Unterdessen hat sich Nationaltorhüter Timo Hildebrand auf seiner Homepage (www.timo-hildebrand.de) erstmals gegen Vorwürfe gewehrt, er würde seinen Arbeitgeber bei den Vertragsverhandlungen hinhalten. Unter der ironischen Überschrift Ich, der Abzocker und Vertragspokerer schreibt er: Denn jeder, der mich kennt, der weiß, dass ich meinen Verein nicht abzocken oder erpressen will, sondern mit ihm zusammen arbeite.

Der 25-Jährige bestreitet jegliche Verbindungen zum FC Bayern München: Das ist kein Thema für mich. Es gibt keinen Vorvertrag, keine Kontakte, niemand verhandelt oder wird verhandeln. Und wer etwas anderes behauptet, der lügt, will Unruhe stiften. Hildebrand bezeichnete Meldungen, wonach er Jahresgehälter in Höhe von bis zu 2,8 Millionen Euro verlange, als den totalen Wahnsinn.

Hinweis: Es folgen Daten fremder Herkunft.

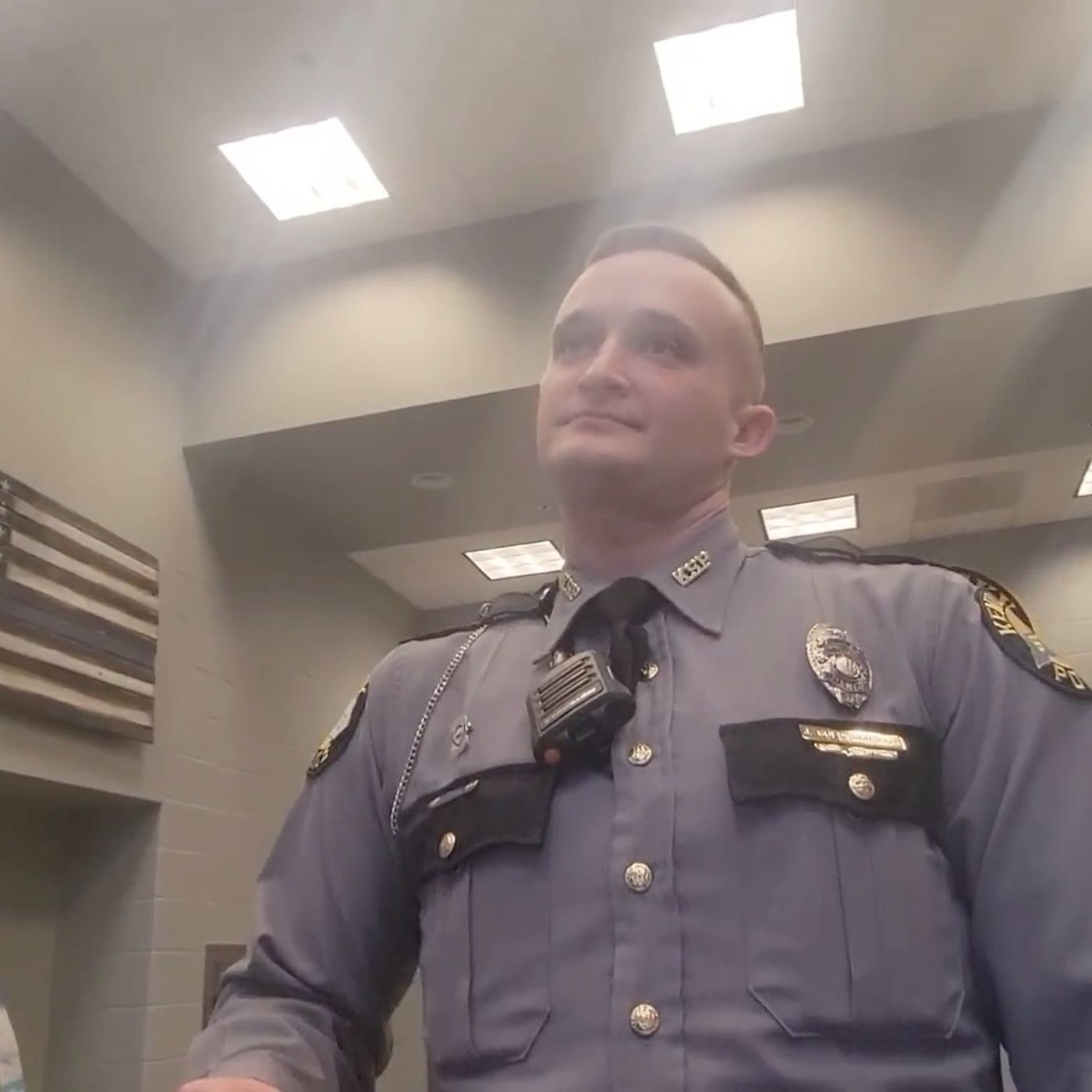Cops illegally raided his house. This is what happened when he fought back | PAR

Das erklärte Saisonziel von Trainer Matthias Sammer heißt zwar nach wie vor UEFA-Cup, doch der Tabellendritte ist nach den Vertragsverlängerungen von Kuranyi, Hleb, Andreas Hinkel und auch Kapitän Zvonimir Soldo sowie dem teuren Fehleinkauf von Hakan Yakin darauf angewiesen, wieder wie vor zwei Jahren in die Champions League einzuziehen.

Ansonsten können die Schwaben die Mannschaft in dieser Form nicht mehr halten. Wir dürfen aber nicht alle Kronjuwelen hergeben, warnte Staudt. Eine Menge Geld in die Kasse spülen würde der Verkauf von Kuranyi: Der 22-Jährige könnte für eine Ablösesumme von mindestens sechs Millionen Euro gehen. Der Weißrusse Hleb liebäugelt bereits seit längerem mit einem Wechsel ins Ausland. Während der derzeit verletzte Nationalverteidiger Philipp Lahm im Sommer ohnehin zum FC Bayern zurückkehrt, dürfte ein Abgang des bodenständigen Andreas Hinkel (Vertrag bis 2007) kein Thema sein.

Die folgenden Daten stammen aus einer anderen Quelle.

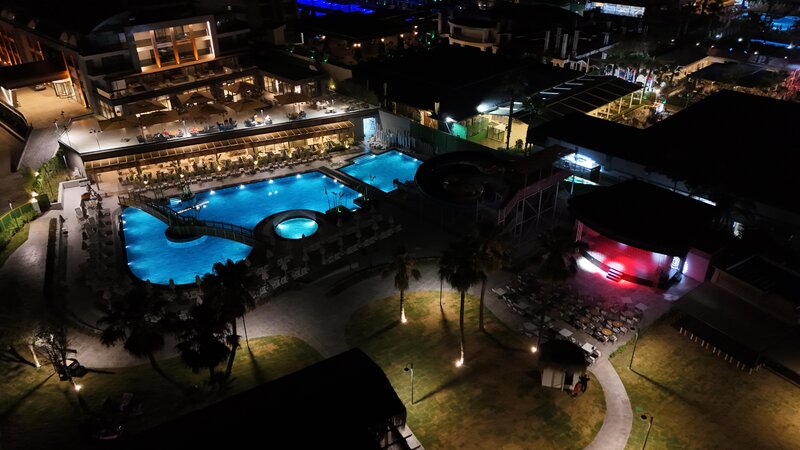 Luna Vista Belek foto 51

Die Zeiten werden knochenhart, prophezeite Staudt für den Kampf der Bundesligisten um die begehrten Champions-League-Plätze. Die Teilnehmer könnten mit 20 Millionen Euro kalkulieren, der Sieger kassiere künftig zwischen 35 und 40 Millionen. Im Uefa-Cup werden vielleicht acht Millionen eingenommen, wenn man ganz weit kommt, meinte der frühere IBM-Manager und sprach von einer Zweiklassengesellschaft.

Unter anderem mit der ungewissen Situation des VfB begründete Hildebrand die Monate langen öffentlichen Diskussionen um die Verlängerung seines zum Saisonende auslaufenden Vertrags. Zuletzt hatte Sammer seinem Keeper ein Ultimatum bis zum Rückrundenstart gestellt. Im September 2004 habe ich vom neuen Management ein schriftliches Angebot bekommen. Wenig später wurde mir mitgeteilt, ich möge noch warten, man werde das Angebot noch mal überarbeiten und ein anderes vorlegen. Im Oktober 2004 habe ich dann die neue Version bekommen, erklärte Hildebrand.